The traffic accident data is the key to this analysis. To make sure it's current, instead of downloading a static .csv file it, along with several other datasets from the City of Nashville's OpenData portal, will be periodically downloaded and updated via APIs.

To avoid too many pull requests, all of the data will be pulled here and the relevant information will be exported for use in a separate notebook for EDA.

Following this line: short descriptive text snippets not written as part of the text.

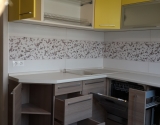 Кухня фасады Egger U129 Солнечный желтый ST15 18 мм, Kronospan 3167 SN Ровере Фумаро (Сontempo) 18мм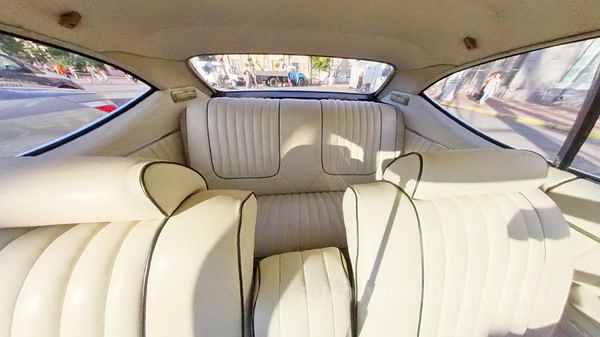 Ретро авто Buick Skylark Custom на свадьбу, видеосъемки и фотосессии с водителем в Киеве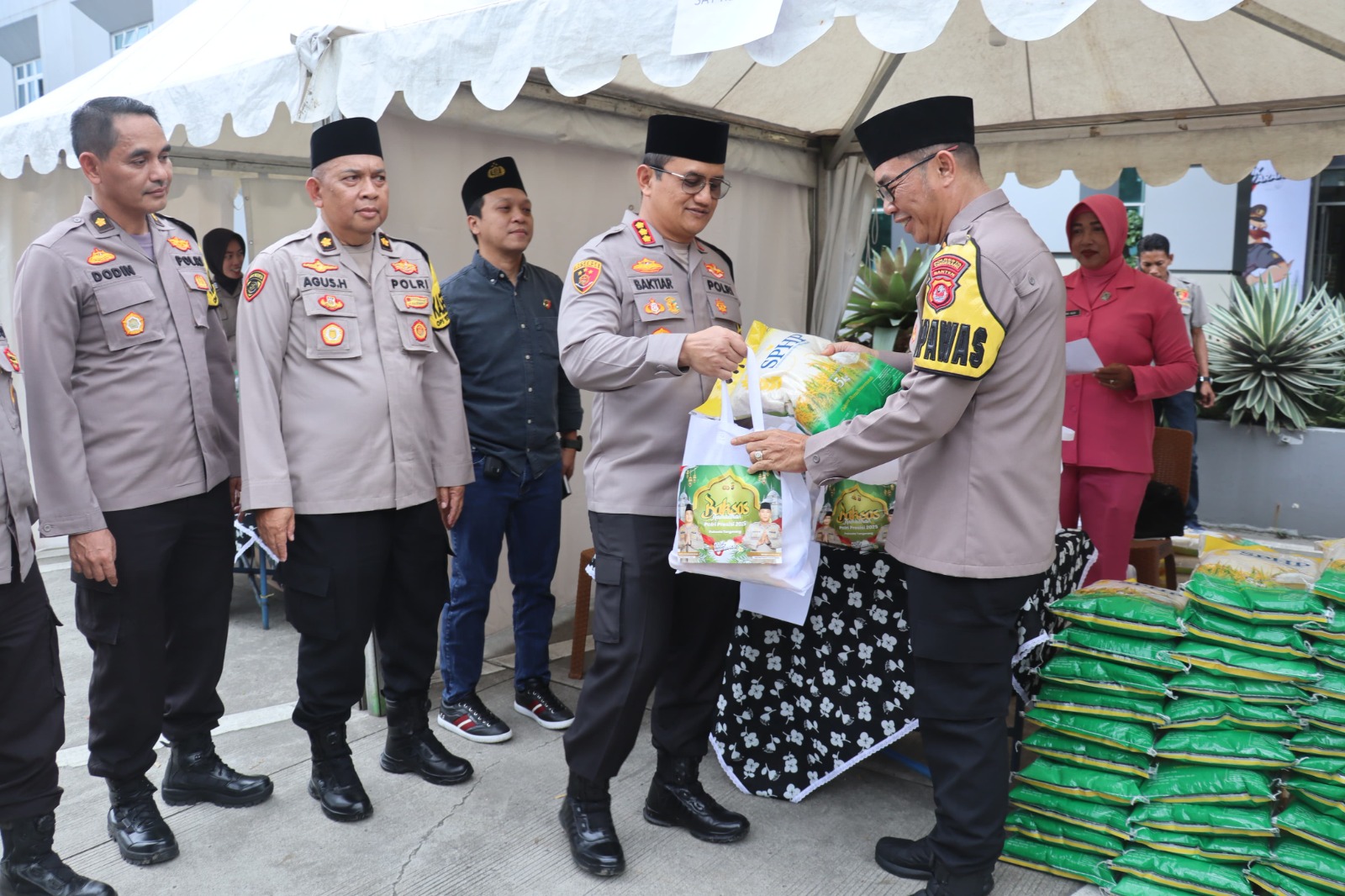 Polresta Tangerang Gelar Bazar Ramadhan Polri Presisi 2025
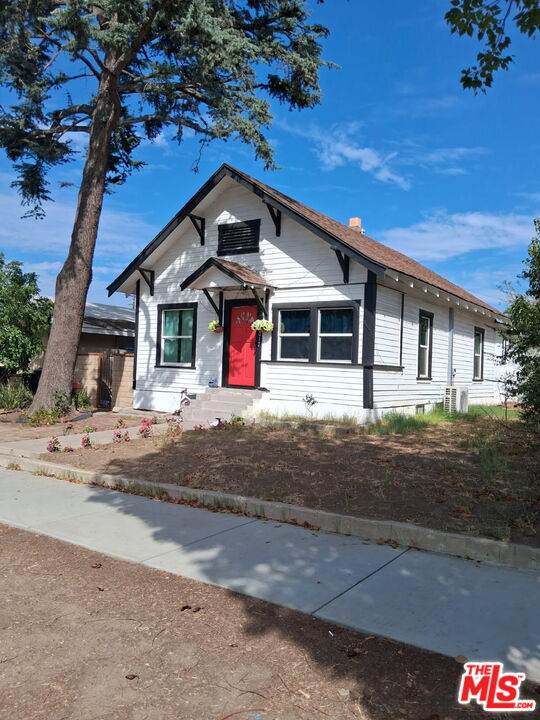1017 Washburn Ave - Photo 1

** This notebook will be revisited and edited as data needs may change for this analysis.

In [None]:
import requests
import pandas as pd
import matplotlib.pyplot as plt
from datetime import datetime
# Needed to pip install sodapy first
from sodapy import Socrata 

**Data Source:** https://data.nashville.gov/Police/Traffic-Accidents/6v6w-hpcw/about_data

In [None]:
client = Socrata("data.nashville.gov", None)

In [None]:
crashes_export = client.get("6v6w-hpcw", limit=200000)
crashes_raw = pd.DataFrame.from_records(crashes_export)
crashes_raw.head()

In [None]:
crashes_raw.info()

Now that the DataFrame has been created, some columns can be removed as they're not relevant to this analysis.

In [None]:
crashes_raw = crashes_raw.drop(['reporting_officer', 'collision_type', 'illuaccidemination', 'harmfulcodes', ':@computed_region_wvby_4s8j', ':@computed_region_3aw5_2wv7', ':@computed_region_p6sk_2acq', ':@computed_region_gxvr_9jxz', 'weather'], axis=1)

In [None]:
crashes_raw['date_and_time'] = pd.to_datetime(crashes_raw['date_and_time'])
crashes_raw = crashes_raw.astype({'number_of_motor_vehicles': 'float',
                    'number_of_injuries': 'float',
                    'number_of_fatalities': 'float',
                    'hit_and_run': 'bool',
                    'property_damage': 'bool'})

In [None]:
crashes_raw.info()

For some initial cleaning, all text fields should be converted to the same case, in this case UPPER

In [None]:
crashes_raw['collision_type_description'] = crashes_raw['collision_type_description'].astype(str).str.upper()
crashes_raw['illumination_description'] = crashes_raw['illumination_description'].astype(str).str.upper()
crashes_raw['harmfuldescriptions'] = crashes_raw['harmfuldescriptions'].astype(str).str.upper()
crashes_raw['street_address'] = crashes_raw['street_address'].astype(str).str.upper()
crashes_raw['city'] = crashes_raw['city'].astype(str).str.upper()
crashes_raw['state'] = crashes_raw['state'].astype(str).str.upper()
crashes_raw['precinct'] = crashes_raw['precinct'].astype(str).str.upper()
crashes_raw['weather_description'] = crashes_raw['weather_description'].astype(str).str.upper()
crashes_raw['property_damage'] = crashes_raw['property_damage'].astype(str).str.upper()

In [None]:
crashes_raw.head()

Last, this analysis is only concerned with crashes in the vicinity of Main Street / Gallatin Avenue / Gallatin Pike in East Nashville & Madison. To filter the data, a list of points needs to be created to essentially trace the path of the corridor. From there, only data points within, say, a 150' radius of that line will be included for analysis. I can't find a better way to do this than selecting points on Google Maps and manually entering the coordinates into a list. Refer to `mapping.ipynb`

In [None]:
east_nash_crashes = crashes_raw[crashes_raw['zip'].isin(['37206', '37216', '37115'])]
east_nash_crashes

The resulting table is exported to a .csv file for use in the EDA notebook.

In [None]:
east_nash_crashes.to_csv('../data/clean/east_nash_crashes.csv')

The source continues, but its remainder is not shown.